AleksJuly 26, 2013 4:58 AM

A Pulp Fiction homage? Still?

Why post a trailer without English subtitles?

Todd BrownJuly 26, 2013 9:35 AM

Because the world is not solely made up of English speakers. And some people are curious what's happening outside their own borders whether they speak the language or not.

el capulloJuly 26, 2013 11:58 AM

The movie looks like fun, but it is DISGUSTING that they make it look like Peru is inhabited solely by European looking caucasians and you could not see a single brown skin mestizo or native descendant (even the brief moment a maid appeared on the screen you could not se the color of her skin, even as a maid!).
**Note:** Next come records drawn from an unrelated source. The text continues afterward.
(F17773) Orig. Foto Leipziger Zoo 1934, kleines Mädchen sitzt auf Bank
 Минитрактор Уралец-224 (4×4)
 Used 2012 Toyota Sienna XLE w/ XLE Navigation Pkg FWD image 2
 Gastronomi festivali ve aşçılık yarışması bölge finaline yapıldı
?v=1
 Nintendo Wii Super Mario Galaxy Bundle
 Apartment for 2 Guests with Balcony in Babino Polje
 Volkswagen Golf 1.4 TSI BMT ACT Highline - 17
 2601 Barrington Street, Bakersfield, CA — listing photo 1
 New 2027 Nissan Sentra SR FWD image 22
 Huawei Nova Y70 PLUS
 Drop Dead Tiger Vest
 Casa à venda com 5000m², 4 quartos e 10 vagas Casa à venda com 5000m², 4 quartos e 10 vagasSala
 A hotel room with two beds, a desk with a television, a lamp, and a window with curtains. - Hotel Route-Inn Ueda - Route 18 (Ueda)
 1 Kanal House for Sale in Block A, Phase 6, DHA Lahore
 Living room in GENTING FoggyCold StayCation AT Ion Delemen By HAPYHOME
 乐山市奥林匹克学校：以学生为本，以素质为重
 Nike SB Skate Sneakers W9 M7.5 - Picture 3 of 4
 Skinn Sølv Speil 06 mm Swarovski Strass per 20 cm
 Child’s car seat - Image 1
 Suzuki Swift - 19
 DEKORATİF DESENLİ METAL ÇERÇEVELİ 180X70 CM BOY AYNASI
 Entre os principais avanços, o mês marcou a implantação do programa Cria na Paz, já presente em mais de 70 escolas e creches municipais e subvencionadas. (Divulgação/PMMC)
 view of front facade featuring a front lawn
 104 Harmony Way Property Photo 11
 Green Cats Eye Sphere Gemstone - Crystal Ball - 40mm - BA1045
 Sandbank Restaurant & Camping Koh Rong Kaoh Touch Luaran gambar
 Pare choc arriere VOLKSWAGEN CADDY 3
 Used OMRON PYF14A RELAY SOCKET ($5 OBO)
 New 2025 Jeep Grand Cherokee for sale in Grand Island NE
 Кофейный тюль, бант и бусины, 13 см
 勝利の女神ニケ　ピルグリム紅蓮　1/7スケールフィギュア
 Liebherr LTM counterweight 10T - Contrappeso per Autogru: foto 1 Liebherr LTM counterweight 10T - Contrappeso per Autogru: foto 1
Most countries in Latin America, but especially Peru, Bolivia, Ecuador, etc, and Mexico in North America have populations that are over 90% brown skinned, but you would never know it by looking at their TV shows or movies. The white Spaniard descendants continue to completely control the media, and perpetuate the ethnocentric European adoration and rejection of the native populations of their own countries. Sometimes movies, even forgettable comedies like this one, say a lot more by what they do not address and ignore than what they are about.

Ernesto82July 27, 2013 9:22 AM

How many Peruvian flicks have you seen? At least 80% of them show how miserable Peru can get, displaying poverty, terrorism, struggle and social tension. What's wrong with showing a different side of town?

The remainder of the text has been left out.